Camelot Unchained - New MMO Kickstarter Project

Kickstarters just aren't going to work for MMOs. They are too expensive. Even back in the day they cost a ton of money but now they REALLY cost a ton. Remember that the original DAoC was going up against games like Everquest which was, to put it mildly, garbage. There was so much shitty about EQ and UO which were really the only two things out there that you didn't have to produce a masterpiece to be competitive. You could just not be a complete dick to your player base and offer, well, anything but mindless grinding and be worth looking at.

Now though? You are competing with the likes of ESO, FF14, and WoW. All have their issues to be sure, but they are over all very well-done games with a lot to offer that are very polished. If you want to have any hope in the space, you have to compete with them and that's hard. People usually won't pay for more than 1 or MAYBE 2 MMOs at once so you have to be good enough for someone to leave one of those and come play your game.

That needs a lot more money to make happen, and Kickstarter just isn't going to raise those kind of funds. A couple million isn't going to do it, you are talking hundreds of millions.

Kickstarter is good for small, what I'll call "Alt-A" projects where you are making a more niche game that can be made on a small budget. It isn't good for something that needs a huge studio.
Camelot unchained had other investors that jumped in (as promised) after the kickstarter proved the interest. However, as you said, it's a big affair now... Not quite as much in 2013, when I was beta testing eso :).

I would still be playing eso if they'd fixed their server performance and restored higher player caps in cyrodiil :(. Sadly, no other game like it has launched since... The inertia is too much now for anything but a mass market blockbuster mmo to break through. I still hope someday they'll fix eso server performance.
 
I still dont understand all these 1 man MMOs that they are asking for $1k to $50k to do. There is no way that 1 person will be able to do that, and some of them show the client but that is the easy part. The game is only 10% client, the other hard part is the 90% networking and server. There is now way that they would be able to write that and have enough server to host the game for more than 5 people.
 
I still dont understand all these 1 man MMOs that they are asking for $1k to $50k to do. There is no way that 1 person will be able to do that, and some of them show the client but that is the easy part. The game is only 10% client, the other hard part is the 90% networking and server. There is now way that they would be able to write that and have enough server to host the game for more than 5 people.
I'm wondering if some of these little kick starter and early access games are just a hope the dev can show off his/their product in hopes of getting a big company to come in and buy them out and/or take over the project? I suppose some may be trying to do just that. Not saying this is what CU was trying to do but with some of these projects I do wonder.
 
I'm wondering if some of these little kick starter and early access games are just a hope the dev can show off his/their product in hopes of getting a big company to come in and buy them out and/or take over the project? I suppose some may be trying to do just that. Not saying this is what CU was trying to do but with some of these projects I do wonder.

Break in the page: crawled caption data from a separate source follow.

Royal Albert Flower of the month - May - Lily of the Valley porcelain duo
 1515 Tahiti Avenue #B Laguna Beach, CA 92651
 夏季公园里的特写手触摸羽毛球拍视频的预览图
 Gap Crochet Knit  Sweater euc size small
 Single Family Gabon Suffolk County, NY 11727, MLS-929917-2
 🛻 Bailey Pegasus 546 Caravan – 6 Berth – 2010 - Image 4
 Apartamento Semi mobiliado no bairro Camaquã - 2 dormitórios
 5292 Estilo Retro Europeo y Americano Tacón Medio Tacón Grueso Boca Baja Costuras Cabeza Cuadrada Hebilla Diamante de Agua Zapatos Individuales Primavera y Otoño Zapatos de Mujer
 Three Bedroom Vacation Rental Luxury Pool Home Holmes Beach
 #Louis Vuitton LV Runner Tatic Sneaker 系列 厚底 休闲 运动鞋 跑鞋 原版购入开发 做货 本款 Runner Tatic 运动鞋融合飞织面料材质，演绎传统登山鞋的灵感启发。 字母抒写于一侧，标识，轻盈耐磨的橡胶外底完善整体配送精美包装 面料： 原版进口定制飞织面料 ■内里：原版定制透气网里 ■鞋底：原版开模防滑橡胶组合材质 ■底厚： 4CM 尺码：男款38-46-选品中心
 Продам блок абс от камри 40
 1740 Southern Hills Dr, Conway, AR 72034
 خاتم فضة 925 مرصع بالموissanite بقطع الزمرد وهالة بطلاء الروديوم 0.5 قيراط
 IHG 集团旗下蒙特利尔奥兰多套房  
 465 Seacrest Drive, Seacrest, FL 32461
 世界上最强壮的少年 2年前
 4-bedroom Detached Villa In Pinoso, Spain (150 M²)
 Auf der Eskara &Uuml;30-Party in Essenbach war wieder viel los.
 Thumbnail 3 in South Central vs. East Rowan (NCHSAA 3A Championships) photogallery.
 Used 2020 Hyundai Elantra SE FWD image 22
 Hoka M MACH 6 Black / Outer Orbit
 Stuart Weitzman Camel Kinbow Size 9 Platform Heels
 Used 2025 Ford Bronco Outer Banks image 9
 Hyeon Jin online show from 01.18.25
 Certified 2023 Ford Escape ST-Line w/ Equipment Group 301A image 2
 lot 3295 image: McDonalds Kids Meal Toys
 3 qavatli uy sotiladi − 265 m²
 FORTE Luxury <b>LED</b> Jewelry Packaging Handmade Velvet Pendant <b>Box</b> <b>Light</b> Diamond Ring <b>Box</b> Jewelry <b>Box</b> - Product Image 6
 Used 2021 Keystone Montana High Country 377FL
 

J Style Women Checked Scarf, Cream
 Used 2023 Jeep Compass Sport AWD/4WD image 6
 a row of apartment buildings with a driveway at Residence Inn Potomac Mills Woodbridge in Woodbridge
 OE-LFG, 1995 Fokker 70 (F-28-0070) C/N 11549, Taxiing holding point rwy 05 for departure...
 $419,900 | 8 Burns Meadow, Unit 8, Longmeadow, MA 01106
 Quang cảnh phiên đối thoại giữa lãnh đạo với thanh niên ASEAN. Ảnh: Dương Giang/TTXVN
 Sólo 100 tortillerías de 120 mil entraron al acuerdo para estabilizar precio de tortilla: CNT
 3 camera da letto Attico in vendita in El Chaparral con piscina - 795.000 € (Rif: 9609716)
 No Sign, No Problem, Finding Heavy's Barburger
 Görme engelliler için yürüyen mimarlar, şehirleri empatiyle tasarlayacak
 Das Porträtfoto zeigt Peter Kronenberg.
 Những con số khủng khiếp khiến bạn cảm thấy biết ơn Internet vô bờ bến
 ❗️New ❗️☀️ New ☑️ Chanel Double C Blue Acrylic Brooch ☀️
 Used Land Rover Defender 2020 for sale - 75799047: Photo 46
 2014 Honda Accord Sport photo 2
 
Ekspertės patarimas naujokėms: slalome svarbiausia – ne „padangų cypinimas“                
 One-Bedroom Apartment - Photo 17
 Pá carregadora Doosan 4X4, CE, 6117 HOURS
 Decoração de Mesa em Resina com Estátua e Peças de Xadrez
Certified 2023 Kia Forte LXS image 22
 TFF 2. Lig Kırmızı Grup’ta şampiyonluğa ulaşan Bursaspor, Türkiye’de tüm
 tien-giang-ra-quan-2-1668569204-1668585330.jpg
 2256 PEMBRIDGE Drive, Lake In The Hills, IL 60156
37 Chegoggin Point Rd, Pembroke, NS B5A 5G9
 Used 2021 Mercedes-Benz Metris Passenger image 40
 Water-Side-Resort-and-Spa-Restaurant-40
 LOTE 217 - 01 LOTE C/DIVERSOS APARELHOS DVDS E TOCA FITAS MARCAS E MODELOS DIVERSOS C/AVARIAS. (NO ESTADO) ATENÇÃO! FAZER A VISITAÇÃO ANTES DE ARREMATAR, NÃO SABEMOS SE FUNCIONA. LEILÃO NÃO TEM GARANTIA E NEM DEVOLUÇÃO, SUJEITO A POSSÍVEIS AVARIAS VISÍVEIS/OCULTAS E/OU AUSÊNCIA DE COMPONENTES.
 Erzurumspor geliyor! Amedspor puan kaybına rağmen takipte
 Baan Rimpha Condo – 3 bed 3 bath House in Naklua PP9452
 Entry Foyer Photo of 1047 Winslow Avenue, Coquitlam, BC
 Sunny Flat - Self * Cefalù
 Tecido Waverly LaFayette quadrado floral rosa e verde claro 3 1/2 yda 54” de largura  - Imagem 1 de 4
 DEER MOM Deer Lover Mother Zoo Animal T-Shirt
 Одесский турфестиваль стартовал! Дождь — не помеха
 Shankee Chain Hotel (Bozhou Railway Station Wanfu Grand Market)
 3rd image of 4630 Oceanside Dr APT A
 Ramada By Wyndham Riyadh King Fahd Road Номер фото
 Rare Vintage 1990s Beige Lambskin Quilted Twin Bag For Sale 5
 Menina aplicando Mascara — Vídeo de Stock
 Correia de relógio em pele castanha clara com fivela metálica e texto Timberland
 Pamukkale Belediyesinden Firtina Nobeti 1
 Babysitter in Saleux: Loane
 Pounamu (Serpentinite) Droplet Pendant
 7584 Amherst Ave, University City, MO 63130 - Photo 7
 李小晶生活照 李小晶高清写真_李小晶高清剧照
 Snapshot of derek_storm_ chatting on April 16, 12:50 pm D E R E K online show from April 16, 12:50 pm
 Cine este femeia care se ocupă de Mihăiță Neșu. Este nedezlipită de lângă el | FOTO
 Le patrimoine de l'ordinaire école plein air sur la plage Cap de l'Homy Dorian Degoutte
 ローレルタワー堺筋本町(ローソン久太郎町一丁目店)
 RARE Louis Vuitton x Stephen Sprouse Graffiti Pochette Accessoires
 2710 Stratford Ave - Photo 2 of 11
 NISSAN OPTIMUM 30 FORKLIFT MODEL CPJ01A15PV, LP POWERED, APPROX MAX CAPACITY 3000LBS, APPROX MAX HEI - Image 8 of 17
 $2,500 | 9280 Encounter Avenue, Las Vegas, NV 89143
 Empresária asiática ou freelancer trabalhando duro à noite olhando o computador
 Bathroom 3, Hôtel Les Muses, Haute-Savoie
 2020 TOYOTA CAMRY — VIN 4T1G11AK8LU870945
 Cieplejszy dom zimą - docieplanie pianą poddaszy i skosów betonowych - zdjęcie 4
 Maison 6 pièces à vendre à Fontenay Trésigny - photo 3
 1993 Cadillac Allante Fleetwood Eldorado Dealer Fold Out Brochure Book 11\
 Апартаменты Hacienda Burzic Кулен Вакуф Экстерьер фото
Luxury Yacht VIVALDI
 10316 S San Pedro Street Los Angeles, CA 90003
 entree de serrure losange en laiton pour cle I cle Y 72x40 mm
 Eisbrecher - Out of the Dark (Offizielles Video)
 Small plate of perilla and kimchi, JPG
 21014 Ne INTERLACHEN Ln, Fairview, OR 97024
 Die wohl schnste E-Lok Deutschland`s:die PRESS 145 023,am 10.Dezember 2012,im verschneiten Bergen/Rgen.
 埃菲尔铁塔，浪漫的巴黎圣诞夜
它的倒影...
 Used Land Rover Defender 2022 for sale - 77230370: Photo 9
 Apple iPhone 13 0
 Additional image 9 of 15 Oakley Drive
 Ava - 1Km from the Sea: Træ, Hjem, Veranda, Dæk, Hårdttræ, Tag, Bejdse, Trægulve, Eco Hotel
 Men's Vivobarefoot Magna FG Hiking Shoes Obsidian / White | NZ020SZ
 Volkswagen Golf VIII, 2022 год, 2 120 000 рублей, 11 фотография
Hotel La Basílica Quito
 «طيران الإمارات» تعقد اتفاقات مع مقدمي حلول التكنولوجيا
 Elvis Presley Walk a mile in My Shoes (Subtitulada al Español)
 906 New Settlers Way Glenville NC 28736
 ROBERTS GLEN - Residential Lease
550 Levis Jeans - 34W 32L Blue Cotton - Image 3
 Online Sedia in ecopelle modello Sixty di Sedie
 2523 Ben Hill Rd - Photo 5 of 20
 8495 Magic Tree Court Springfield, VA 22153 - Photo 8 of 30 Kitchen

Yeah I am sure that some of that is likely, but what game studio is going to invest in a MMO that they basically only have an idea of, and barely any real game. They are usually interested in games far along enough to just finish, not build from scratch.
 
Kickstarters just aren't going to work for MMOs. They are too expensive. Even back in the day they cost a ton of money but now they REALLY cost a ton.
There is also the issue that all these Kickstarter MMOs have way too ambitious plans for v1 of their MMO. But if they don't have ambitious plans, they are already set for failure because already released games will have far more content than they will. And why is less content a problem? Because all these games (kickstarter, non-kickstarter, released, in-development, all of them) are just sometimes-better, sometimes-worse clones of the same games from 25 years ago. Only content differentiates between them.

Come up with a NEW type of MMO, with a good thought-out gameplay design, and focus on just an enjoyable base that does not have to rely on a lot of content to compete with all the other MMOs.
 
There is also the issue that all these Kickstarter MMOs have way too ambitious plans for v1 of their MMO. But if they don't have ambitious plans, they are already set for failure because already released games will have far more content than they will. And why is less content a problem? Because all these games (kickstarter, non-kickstarter, released, in-development, all of them) are just sometimes-better, sometimes-worse clones of the same games from 25 years ago. Only content differentiates between them.

Come up with a NEW type of MMO, with a good thought-out gameplay design, and focus on just an enjoyable base that does not have to rely on a lot of content to compete with all the other MMOs.
That's super hard to do though. A truly new MMO concept is not an easy thing.

In general, the MMO market is just hard these days. There are some really good established games with big studios behind them, and since people usually only pay one you've got your work cut out for you peeling off subscribers.

I don't think big ambitious projects should do kickstarter, it really works for smaller stuff.